• **PROMPT**
With pictures left out, set down exactly the lines from the line containing "VTECH - Kidizoom" through the last line of the data.
EXERCISE INPUT section start
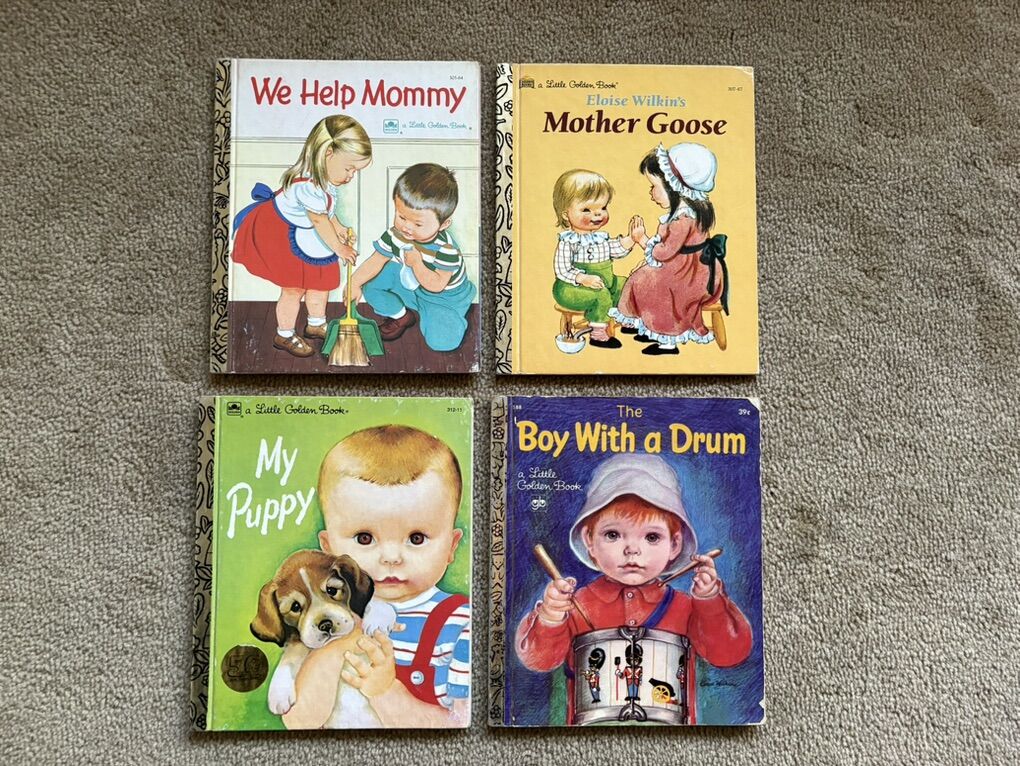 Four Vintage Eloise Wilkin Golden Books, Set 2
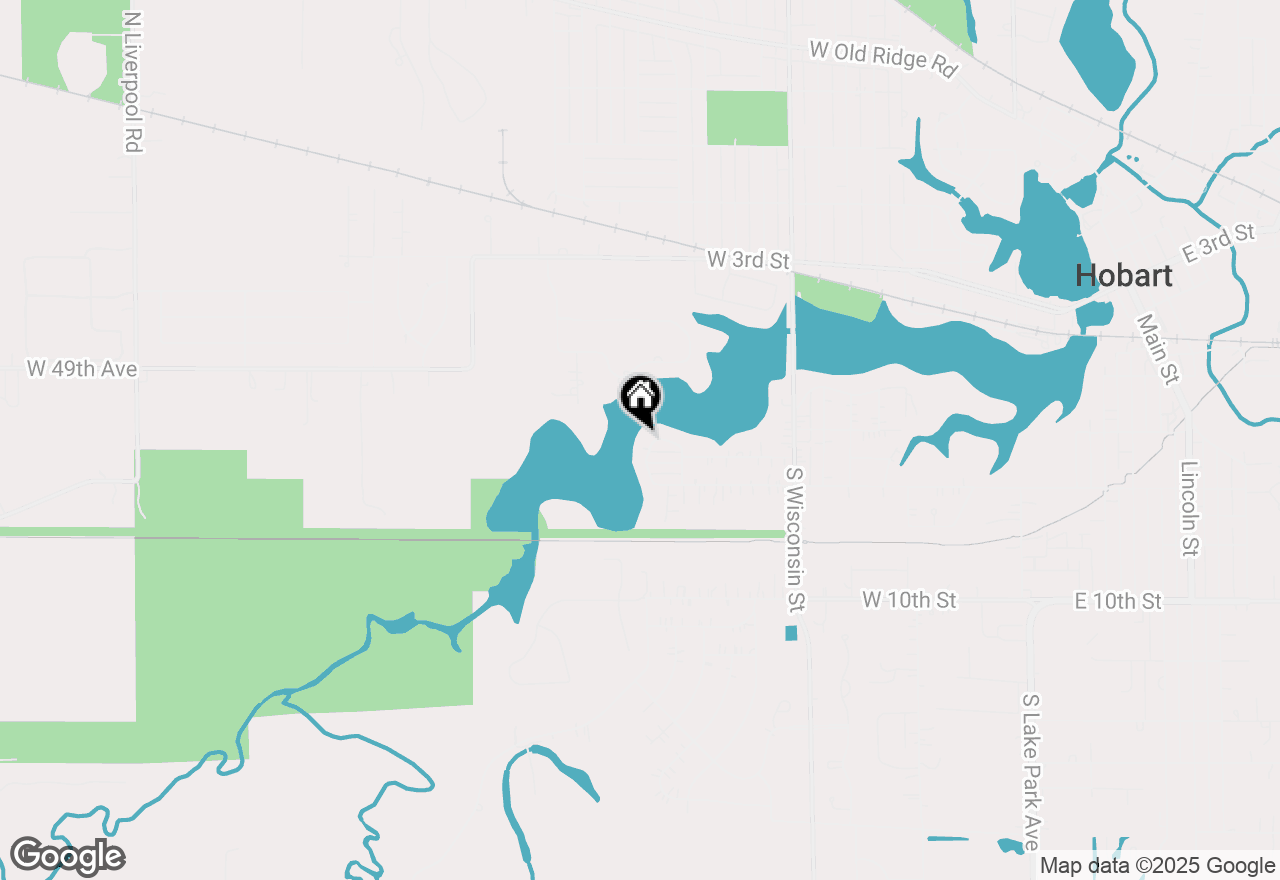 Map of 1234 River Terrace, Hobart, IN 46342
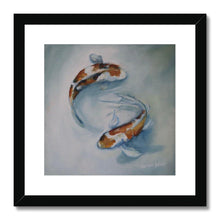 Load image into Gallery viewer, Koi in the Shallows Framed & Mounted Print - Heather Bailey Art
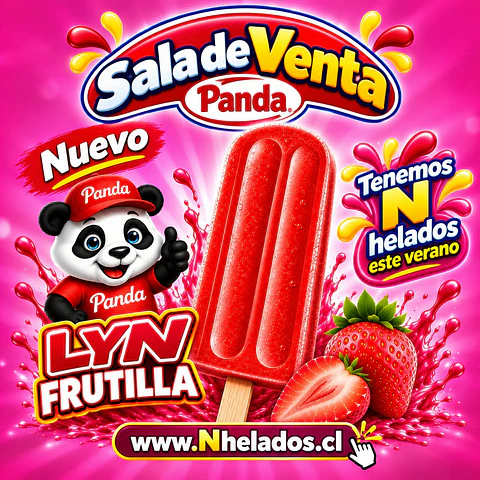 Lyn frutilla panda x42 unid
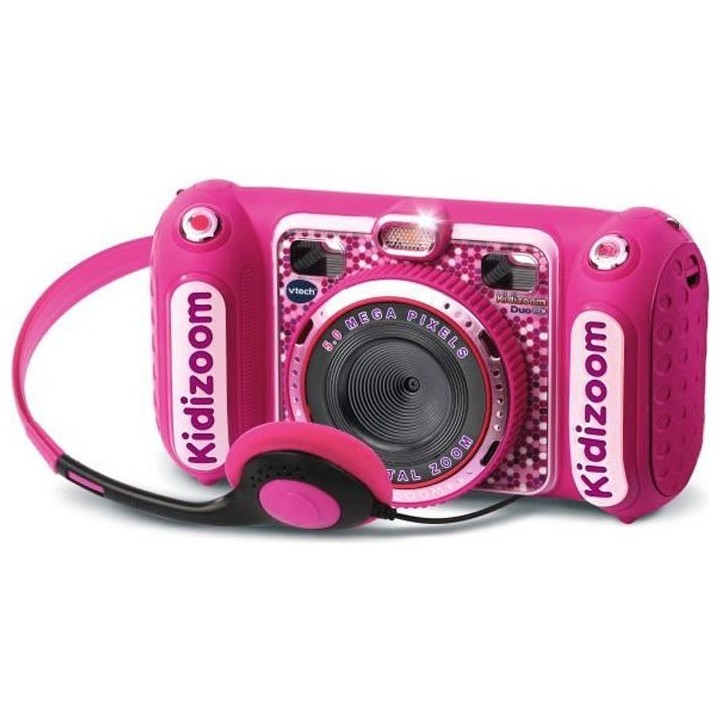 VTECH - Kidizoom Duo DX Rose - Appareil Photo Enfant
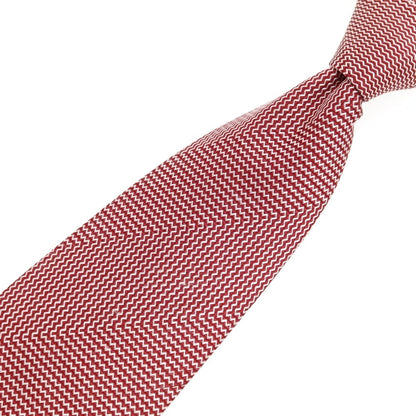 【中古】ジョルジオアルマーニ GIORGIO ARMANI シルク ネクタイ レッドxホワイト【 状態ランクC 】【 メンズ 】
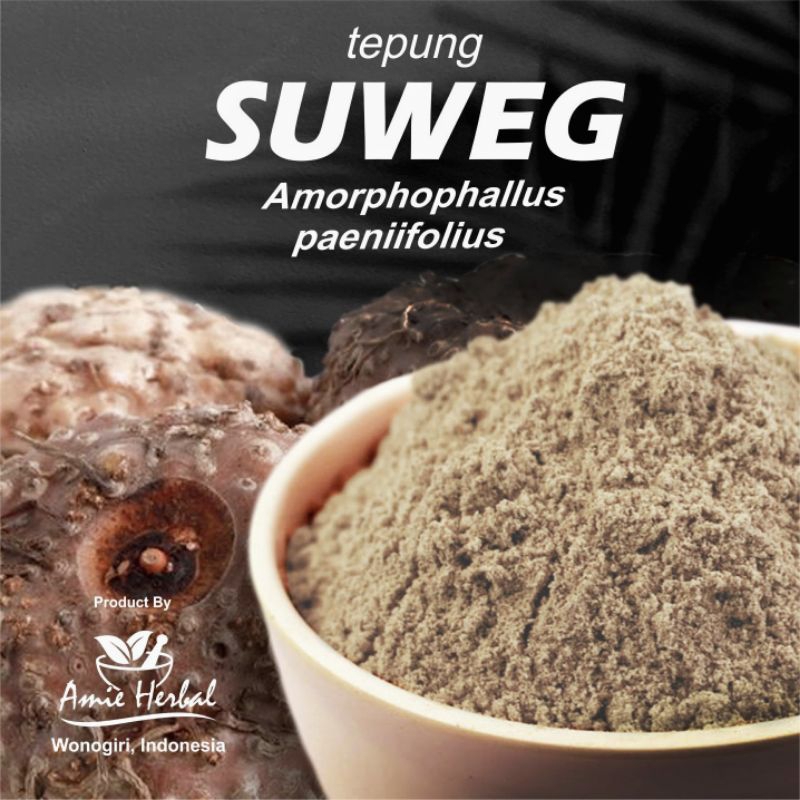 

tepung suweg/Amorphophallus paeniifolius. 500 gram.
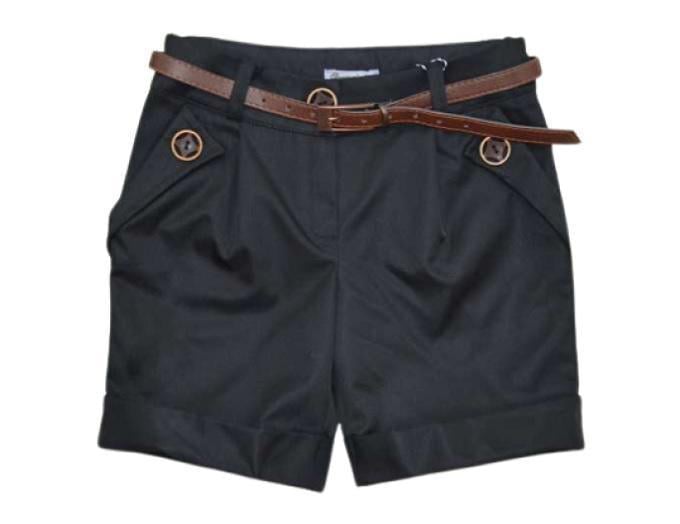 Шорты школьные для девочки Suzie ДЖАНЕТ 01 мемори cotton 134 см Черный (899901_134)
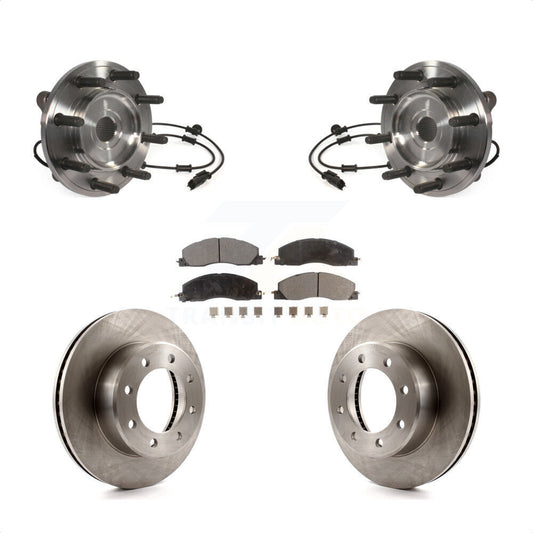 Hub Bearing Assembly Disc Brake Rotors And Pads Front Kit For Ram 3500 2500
EXERCISE INPUT section end
• **ANSWER TO THE PROBLEM**
 VTECH - Kidizoom Duo DX Rose - Appareil Photo Enfant
 【中古】ジョルジオアルマーニ GIORGIO ARMANI シルク ネクタイ レッドxホワイト【 状態ランクC 】【 メンズ 】

tepung suweg/Amorphophallus paeniifolius. 500 gram.
 Шорты школьные для девочки Suzie ДЖАНЕТ 01 мемори cotton 134 см Черный (899901_134)
 Hub Bearing Assembly Disc Brake Rotors And Pads Front Kit For Ram 3500 2500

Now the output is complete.